MIT Engineers Developed an Incredibly Strong Artificial Skin
They say the substance could also be used as long-lasting contacts, drug-delivering bandages, and more.
MIT is at it again.
Engineers from the school have developed a substance that they say could eventually be used to make artificial skin, long-lasting contact lenses, drug-delivering bandages, and more. What is this miracle material?
It sounds decidedly un-sexy: a hydrogel coated with a water-trapping elastomer layer. But the science behind the product is actually quite exciting.

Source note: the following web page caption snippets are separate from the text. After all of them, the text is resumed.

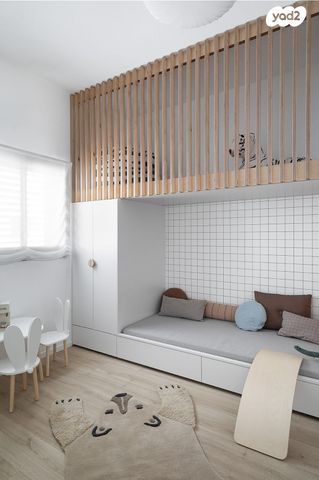 דופלקס, שלום עליכם 23, אגמים, נתניה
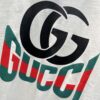 69312287908475d562cd93d6 GUCCI Streetwear 25S New Round Neck T-Shirt, Unisex Design – Essential for Trendsetters! Featuring Custom Brand Graphic Heat Transfer on Chest, Classic Colorways with Stylish Appeal, Youthful and Vibrant Overall Look. Crafted from 260g High-Quality Cotton for Exceptional Comfort and Soft, Premium Touch. Complete with Triple Labels. Colors: Black, White. European Size: S–XL (Recommended Size M for Height 175cm / Weight 70kg)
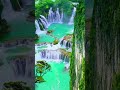 Relaxing Music, Meditation Music, Waterfall, Nature #shorts #nature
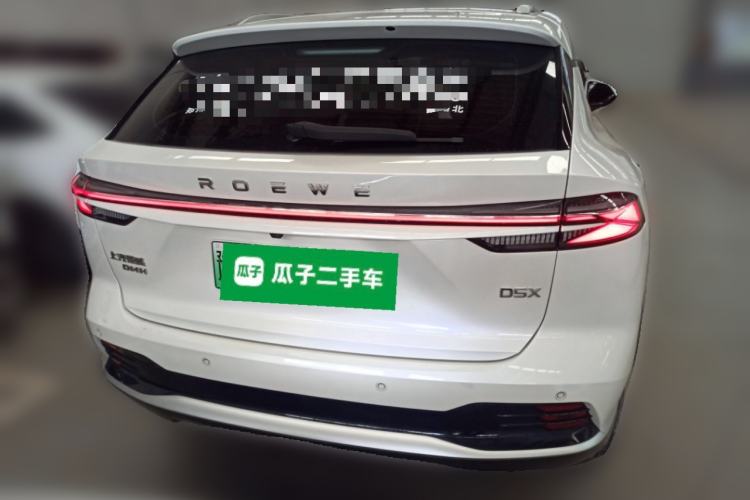 Used Roewe D5X DMH 2024 135 Tech Edition
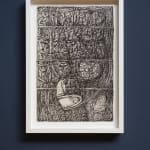 Ibrahim El-Salahi, Behind the Mask, June 2020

Hydrogels—stretchy polymers that you may remember from MIT’s “bandage of the future” experiment—typically dry out over time, rendering them virtually useless. Applying an elastomer layer that traps water, however, prevents the hydrogel from drying, opening the door to long-term uses.
“We hope this work will pave the way to synthetic skin, or even robots with very soft, flexible skin with biological functions,” lead engineer Xuanhe Zhao said in a statement.
In fact, the team’s design was inspired by human skin, and the bond between the inner dermis and the outer epidermis. They mimicked that bond by using UV light and a compound called benzophenone to fuse the hydrogel and elastomers together, even carving in tiny channels that could potentially act as mock blood vessels. The result? “This is tougher even than skin,” Zhao said in the statement. “We can also stretch the material to seven times its original length, and the bond still holds.”
The project is still in its early stages, and the statement doesn’t specify when, or if, MIT’s artificial skin might be available for clinical or commercial use. Still, it’s interesting to imagine a world where your medicine cabinet is stocked with hydrogel-elastomer hybrids instead of contact lenses and Band-Aids.